Data for review —
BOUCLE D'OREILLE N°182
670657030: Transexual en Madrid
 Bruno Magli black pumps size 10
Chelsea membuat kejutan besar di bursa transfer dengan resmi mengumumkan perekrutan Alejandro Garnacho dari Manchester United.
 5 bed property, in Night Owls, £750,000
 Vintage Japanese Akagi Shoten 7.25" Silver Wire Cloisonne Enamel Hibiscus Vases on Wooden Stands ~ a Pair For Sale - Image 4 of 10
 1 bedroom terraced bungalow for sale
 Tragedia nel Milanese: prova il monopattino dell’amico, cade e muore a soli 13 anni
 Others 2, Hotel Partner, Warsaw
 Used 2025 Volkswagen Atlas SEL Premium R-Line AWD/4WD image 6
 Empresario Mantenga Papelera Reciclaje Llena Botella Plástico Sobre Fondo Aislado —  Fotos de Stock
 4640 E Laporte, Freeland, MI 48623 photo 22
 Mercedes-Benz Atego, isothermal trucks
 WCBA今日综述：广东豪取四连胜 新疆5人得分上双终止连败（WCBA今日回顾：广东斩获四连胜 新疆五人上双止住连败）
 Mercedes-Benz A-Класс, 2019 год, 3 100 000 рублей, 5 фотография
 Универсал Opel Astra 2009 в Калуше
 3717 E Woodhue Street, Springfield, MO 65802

Instructions to follow — Your job here is to copy the entries above exactly.

Answer space —
BOUCLE D'OREILLE N°182
670657030: Transexual en Madrid
 Bruno Magli black pumps size 10
Chelsea membuat kejutan besar di bursa transfer dengan resmi mengumumkan perekrutan Alejandro Garnacho dari Manchester United.
 5 bed property, in Night Owls, £750,000
 Vintage Japanese Akagi Shoten 7.25" Silver Wire Cloisonne Enamel Hibiscus Vases on Wooden Stands ~ a Pair For Sale - Image 4 of 10
 1 bedroom terraced bungalow for sale
 Tragedia nel Milanese: prova il monopattino dell’amico, cade e muore a soli 13 anni
 Others 2, Hotel Partner, Warsaw
 Used 2025 Volkswagen Atlas SEL Premium R-Line AWD/4WD image 6
 Empresario Mantenga Papelera Reciclaje Llena Botella Plástico Sobre Fondo Aislado —  Fotos de Stock
 4640 E Laporte, Freeland, MI 48623 photo 22
 Mercedes-Benz Atego, isothermal trucks
 WCBA今日综述：广东豪取四连胜 新疆5人得分上双终止连败（WCBA今日回顾：广东斩获四连胜 新疆五人上双止住连败）
 Mercedes-Benz A-Класс, 2019 год, 3 100 000 рублей, 5 фотография
 Универсал Opel Astra 2009 в Калуше
 3717 E Woodhue Street, Springfield, MO 65802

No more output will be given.